TASK REQUIREMENTS:
Each line from the top of the listing through the one holding "Genocidio Ruanda, arrestato" should be restated word for word, with nothing added and no pictures.

DATA FOR ANALYSIS:

◆ ◆ ◆

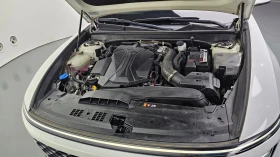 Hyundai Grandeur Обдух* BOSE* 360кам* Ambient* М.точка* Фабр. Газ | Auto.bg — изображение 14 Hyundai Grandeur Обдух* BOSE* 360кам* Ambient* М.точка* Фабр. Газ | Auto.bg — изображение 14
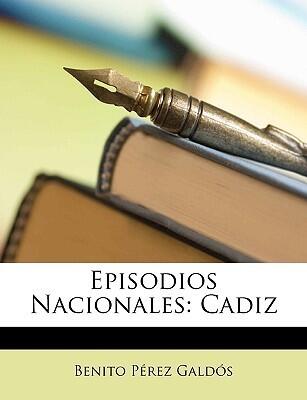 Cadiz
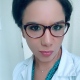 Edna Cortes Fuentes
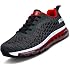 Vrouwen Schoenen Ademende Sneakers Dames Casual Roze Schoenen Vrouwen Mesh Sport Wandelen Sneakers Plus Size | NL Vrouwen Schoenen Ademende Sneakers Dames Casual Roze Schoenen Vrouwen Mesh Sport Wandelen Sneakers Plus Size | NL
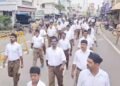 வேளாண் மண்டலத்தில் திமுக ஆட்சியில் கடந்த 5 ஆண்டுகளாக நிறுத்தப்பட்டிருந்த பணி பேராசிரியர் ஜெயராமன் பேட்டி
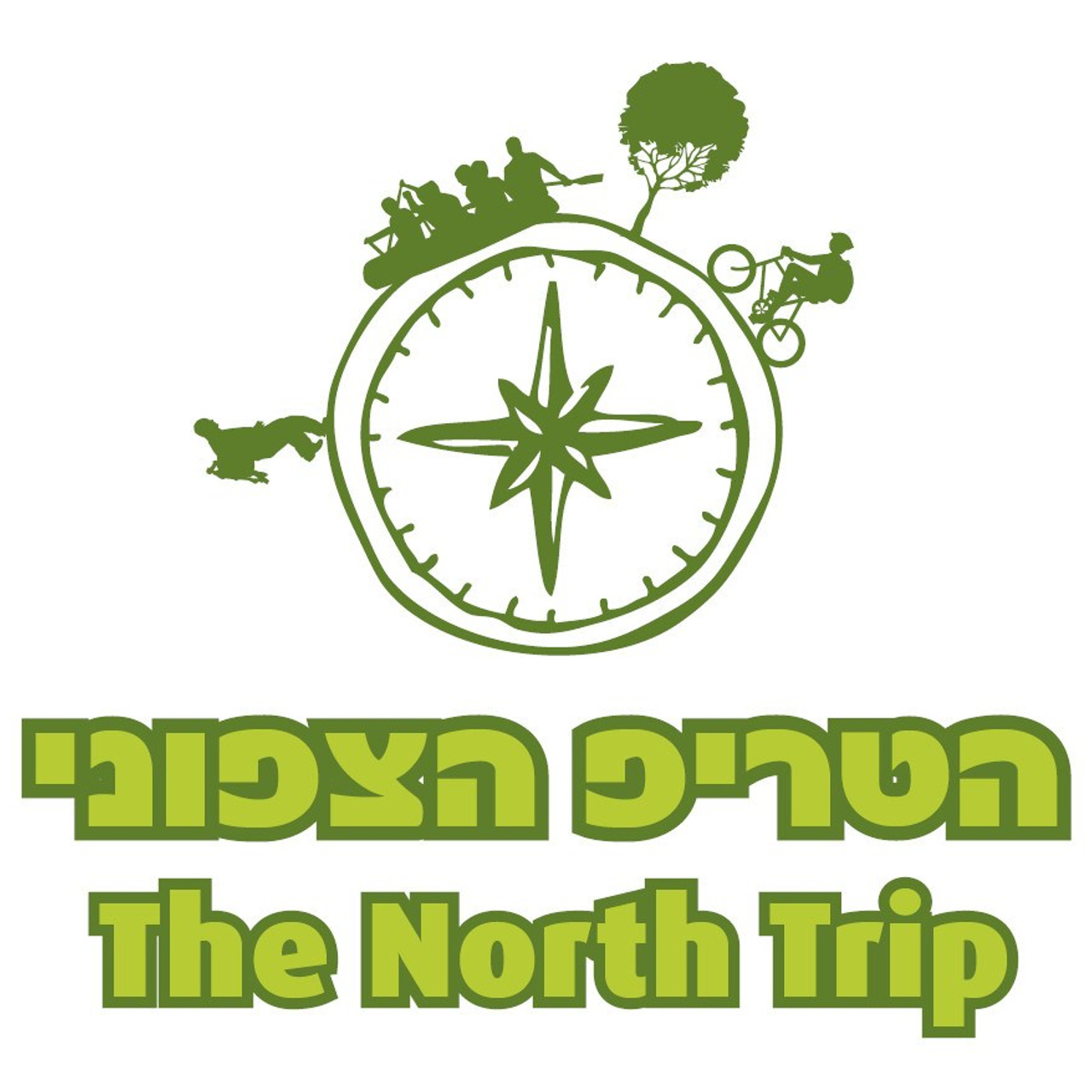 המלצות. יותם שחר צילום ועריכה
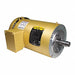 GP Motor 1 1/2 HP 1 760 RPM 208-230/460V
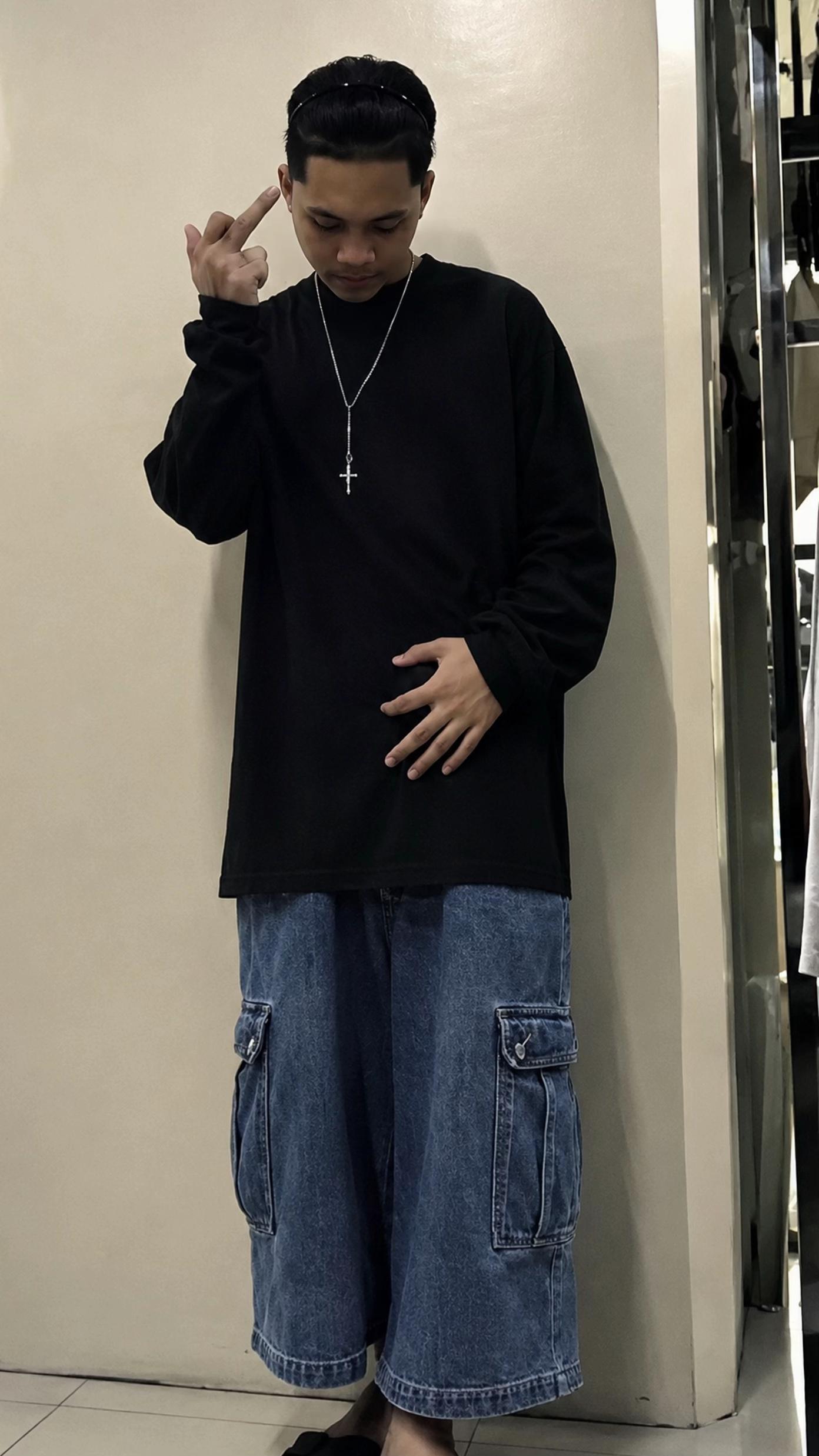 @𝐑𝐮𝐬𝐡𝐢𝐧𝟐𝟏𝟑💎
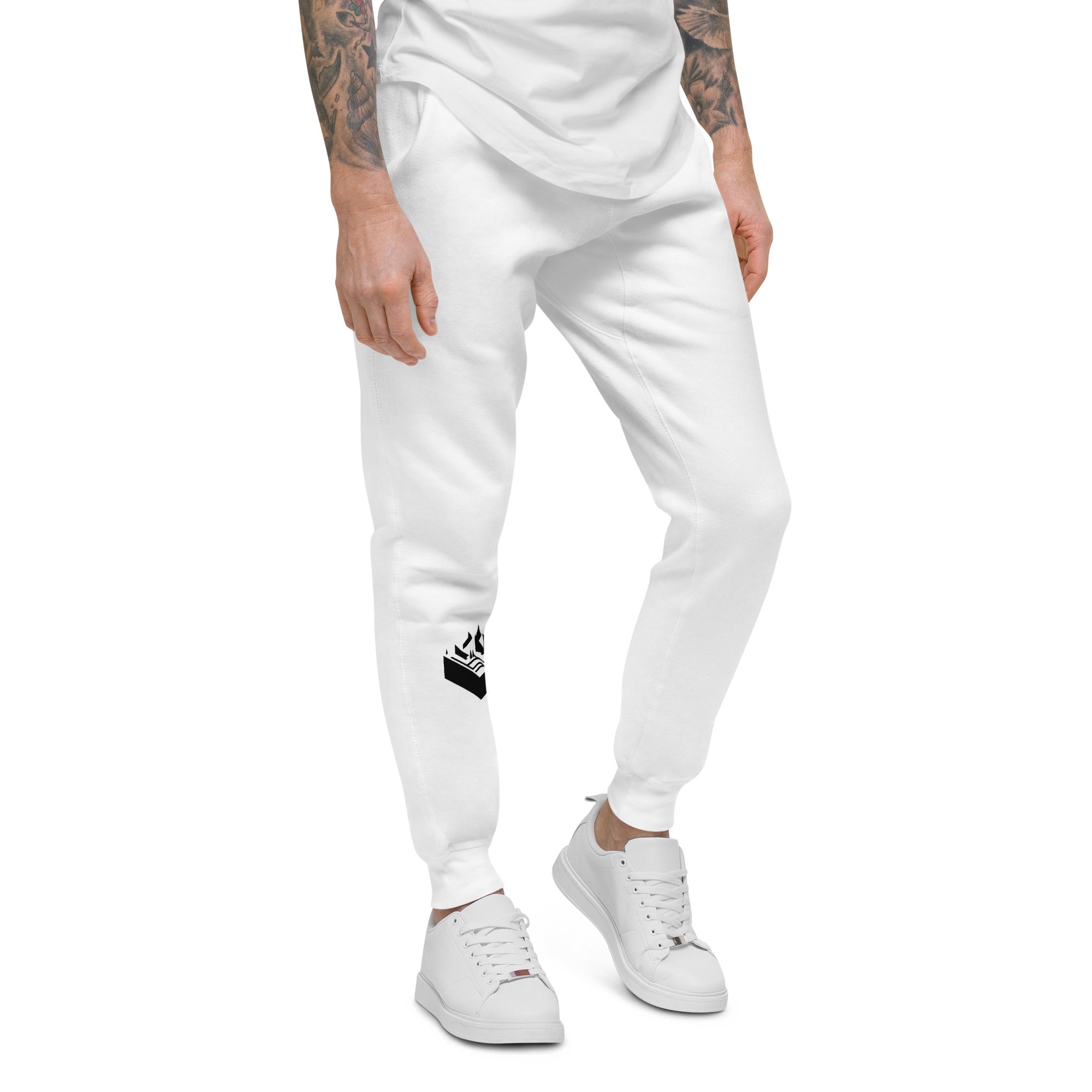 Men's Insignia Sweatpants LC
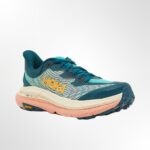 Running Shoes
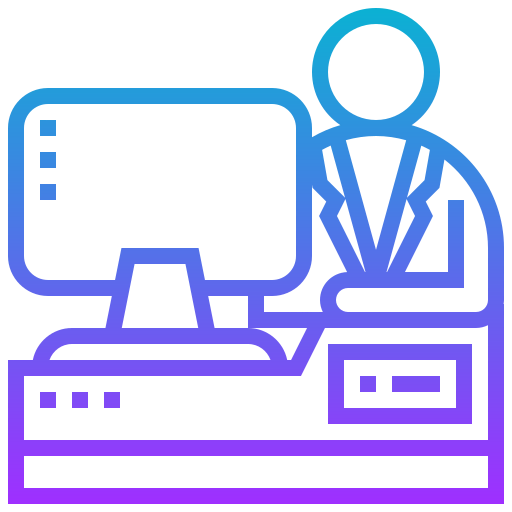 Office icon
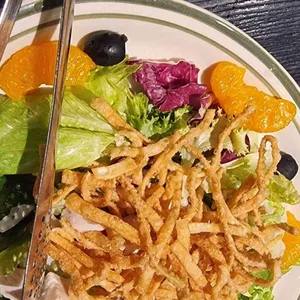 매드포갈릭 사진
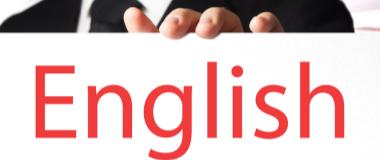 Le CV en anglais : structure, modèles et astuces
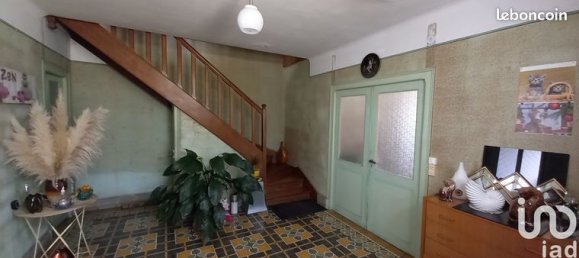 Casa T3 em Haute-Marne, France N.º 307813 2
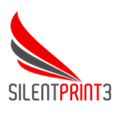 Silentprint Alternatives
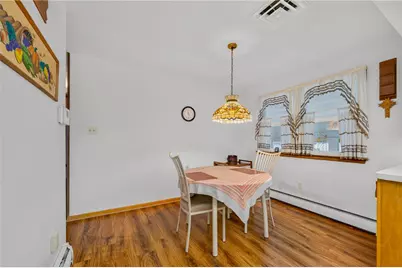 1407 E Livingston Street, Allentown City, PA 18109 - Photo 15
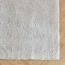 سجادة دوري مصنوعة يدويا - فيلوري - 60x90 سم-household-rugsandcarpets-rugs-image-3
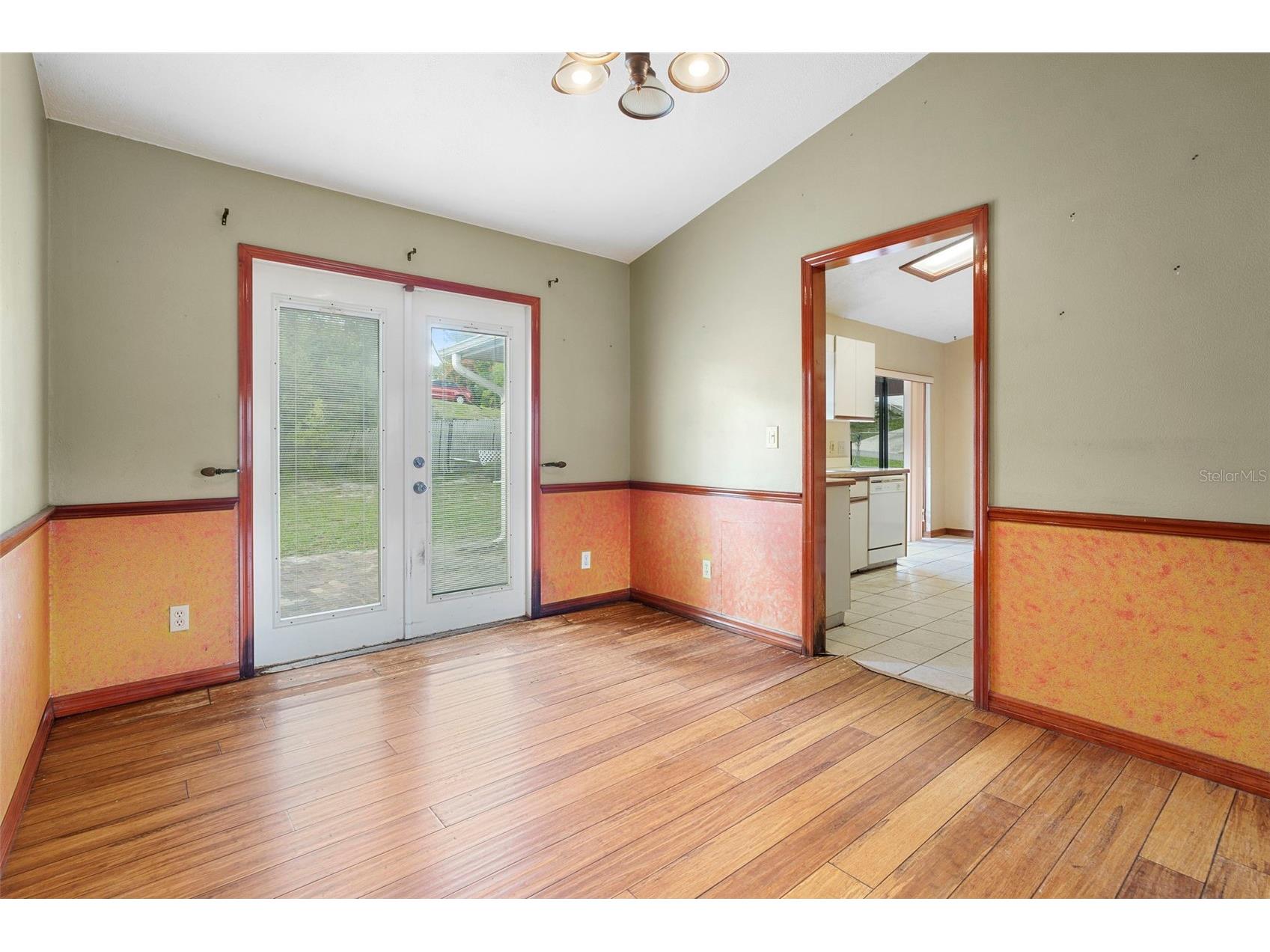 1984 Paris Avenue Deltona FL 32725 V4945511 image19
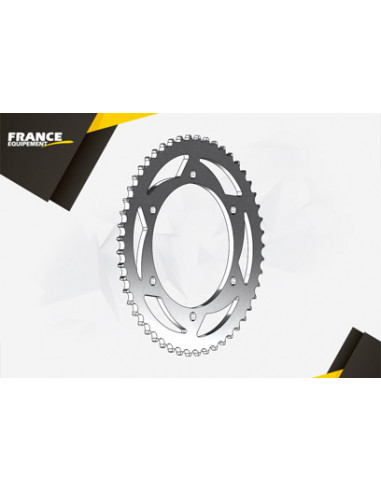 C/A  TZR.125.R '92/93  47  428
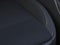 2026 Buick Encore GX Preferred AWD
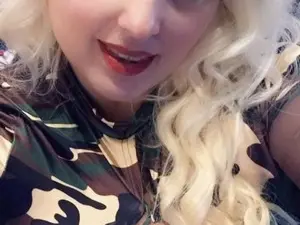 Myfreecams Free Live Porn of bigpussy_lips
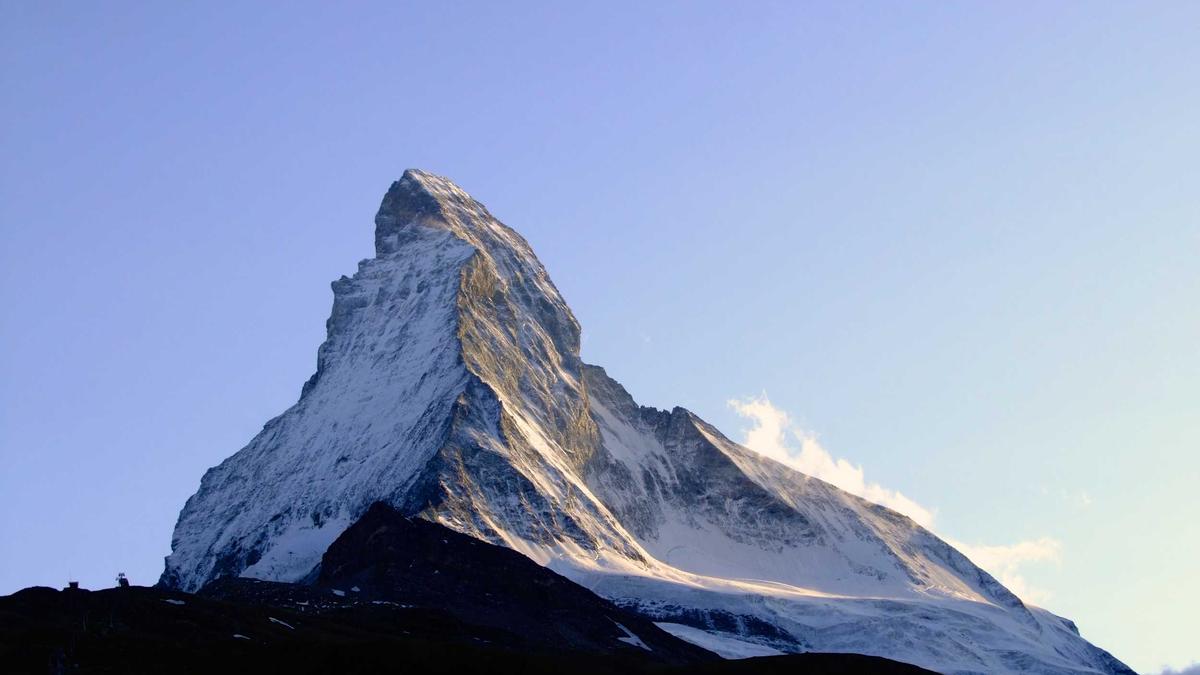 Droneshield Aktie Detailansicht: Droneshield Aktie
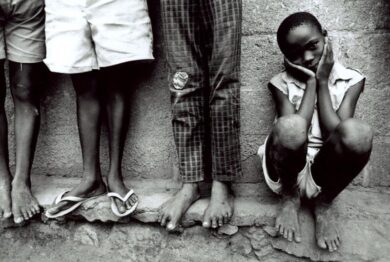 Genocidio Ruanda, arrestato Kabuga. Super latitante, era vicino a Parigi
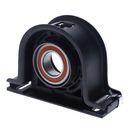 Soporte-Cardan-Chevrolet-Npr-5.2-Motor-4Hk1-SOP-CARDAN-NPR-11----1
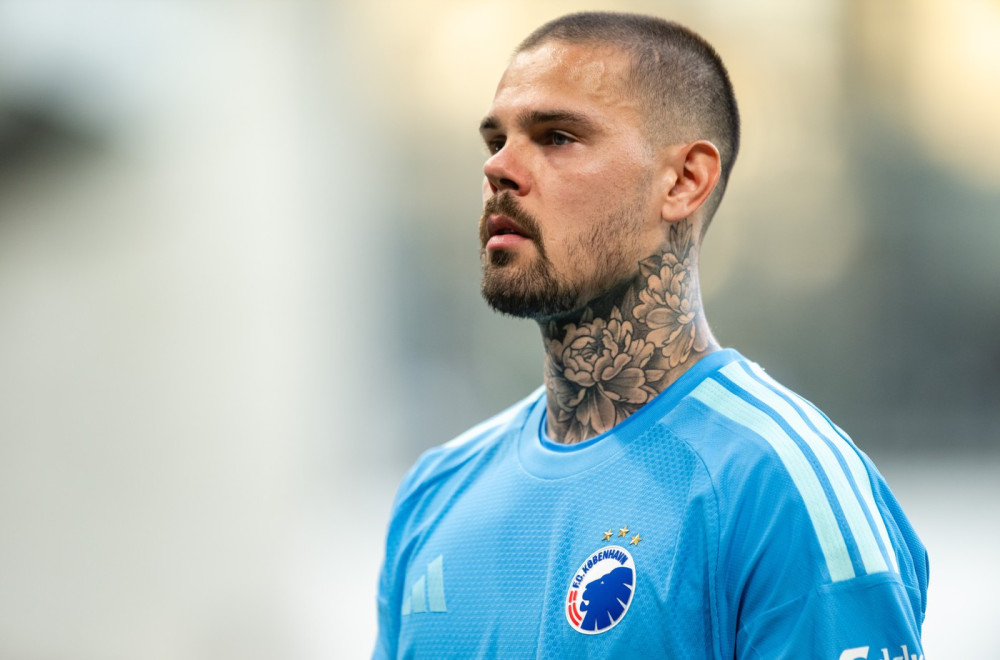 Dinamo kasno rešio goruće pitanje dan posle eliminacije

◆ ◆ ◆

EXERCISE OUTPUT:
 Hyundai Grandeur Обдух* BOSE* 360кам* Ambient* М.точка* Фабр. Газ | Auto.bg — изображение 14 Hyundai Grandeur Обдух* BOSE* 360кам* Ambient* М.точка* Фабр. Газ | Auto.bg — изображение 14
 Cadiz
 Edna Cortes Fuentes
 Vrouwen Schoenen Ademende Sneakers Dames Casual Roze Schoenen Vrouwen Mesh Sport Wandelen Sneakers Plus Size | NL Vrouwen Schoenen Ademende Sneakers Dames Casual Roze Schoenen Vrouwen Mesh Sport Wandelen Sneakers Plus Size | NL
 வேளாண் மண்டலத்தில் திமுக ஆட்சியில் கடந்த 5 ஆண்டுகளாக நிறுத்தப்பட்டிருந்த பணி பேராசிரியர் ஜெயராமன் பேட்டி
 המלצות. יותם שחר צילום ועריכה
 GP Motor 1 1/2 HP 1 760 RPM 208-230/460V
 @𝐑𝐮𝐬𝐡𝐢𝐧𝟐𝟏𝟑💎
 Men's Insignia Sweatpants LC
 Running Shoes
 Office icon
 매드포갈릭 사진
 Le CV en anglais : structure, modèles et astuces
 Casa T3 em Haute-Marne, France N.º 307813 2
 Silentprint Alternatives
 1407 E Livingston Street, Allentown City, PA 18109 - Photo 15
 سجادة دوري مصنوعة يدويا - فيلوري - 60x90 سم-household-rugsandcarpets-rugs-image-3
 1984 Paris Avenue Deltona FL 32725 V4945511 image19
 C/A  TZR.125.R '92/93  47  428
 2026 Buick Encore GX Preferred AWD
 Myfreecams Free Live Porn of bigpussy_lips
 Droneshield Aktie Detailansicht: Droneshield Aktie
 Genocidio Ruanda, arrestato Kabuga. Super latitante, era vicino a Parigi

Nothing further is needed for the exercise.